Biskup diecezji charkowsko-zaporoskiej, Paweł Honczaruk, oskarżył rosyjskie siły zbrojne o przeprowadzanie celowych ataków na pracowników organizacji humanitarnych podczas wojny na Ukrainie. Niemożliwe są też zgromadzenia wiernych. Stąd życie Kościoła toczy się w ukryciu.
– Rosjanie patrzą, gdzie są bazy z pomocą humanitarną i biorą je pod ostrzał – powiedział w wywiadzie dla niemieckiej Katolickiej Agencji Informacyjnej KNA. – Dlatego praca charytatywna w metropolii wschodniej Ukrainy jest niebezpieczna – zaznaczył.

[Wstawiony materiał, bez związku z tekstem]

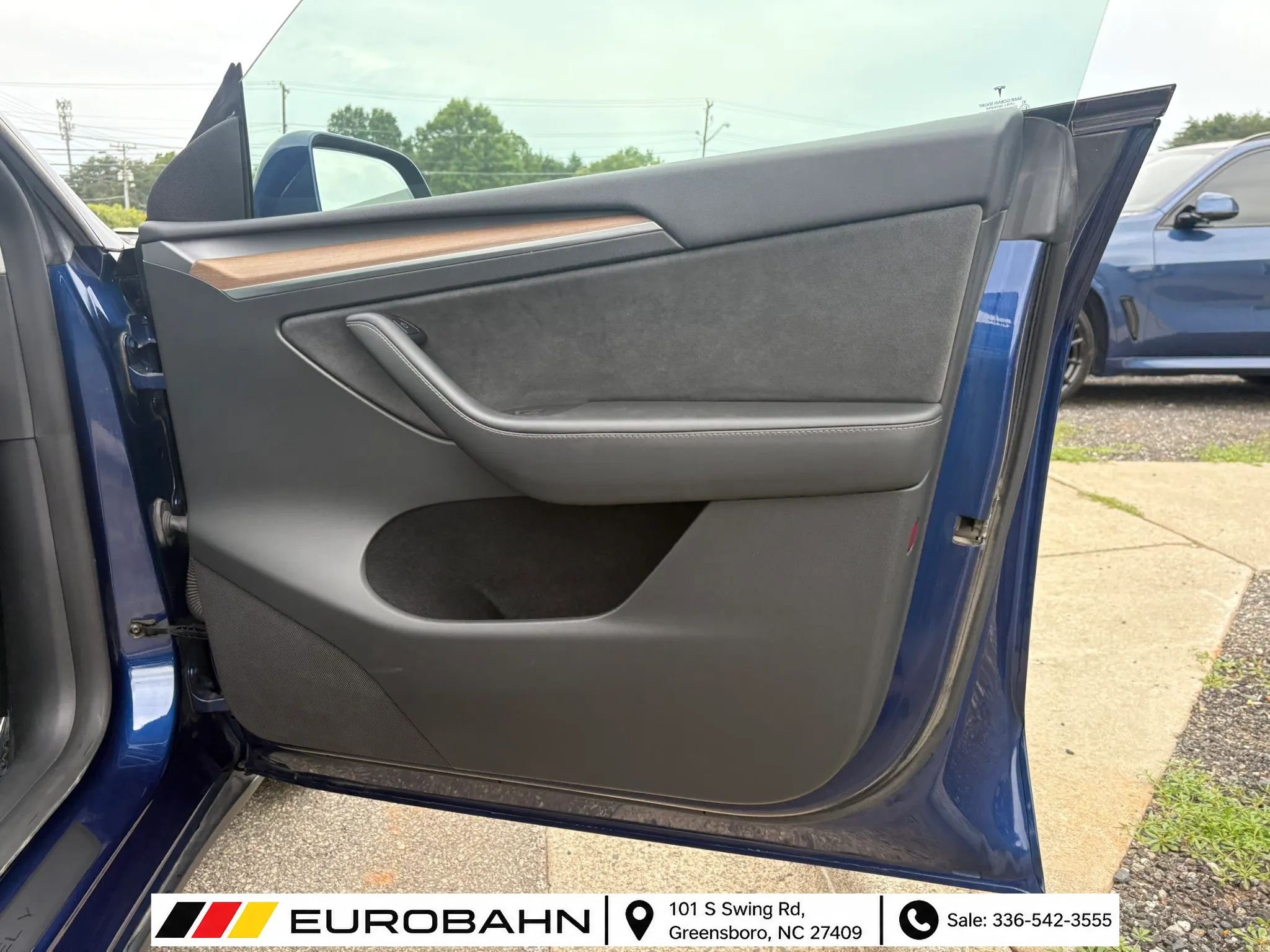 Used 2023 Tesla Model Y Performance AWD/4WD image 16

Większe zgromadzenia, takie jak nabożeństwa, nie są możliwe. – Zamknęliśmy kościoły – powiedział biskup. Zamiast tego księża składają wizyty domowe, także w szpitalach. Próbują rozmawiać z ludźmi, pomagać im. – Przez sakramenty, przez spowiedź, Komunię, przez spotkania, rozmowy, przez wzmocnienie psychologiczne, ale także materialne – powiedział bp Honczaruk.
Sytuacja w Charkowie pozostaje niepewna. Nawet w nocy miasto jest ostrzeliwane. – Nie ma spokoju – zaznaczył biskup. W dach domu biskupa uderzyły niedawno odłamki bomby, ale „nikt dzięki Bogu nie został ranny”. Tysiące ludzi ukrywa się w podziemnych szybach lub piwnicach. Ludzie wychodzą na krótko tylko po to, aby załatwić ważne sprawy. – W tej chwili 150 tys. ludzi ukrywa się w piwnicach – powiedział bp Honczaruk.
On sam w żadnym wypadku nie będzie uciekał. – Zostaję. Mogłem wyjechać już dawno temu, ale jestem tu potrzebny, moja służba jest potrzebna i dlatego zostanę do końca – zapewnił ordynariusz diecezji charkowsko-zaporoskiej.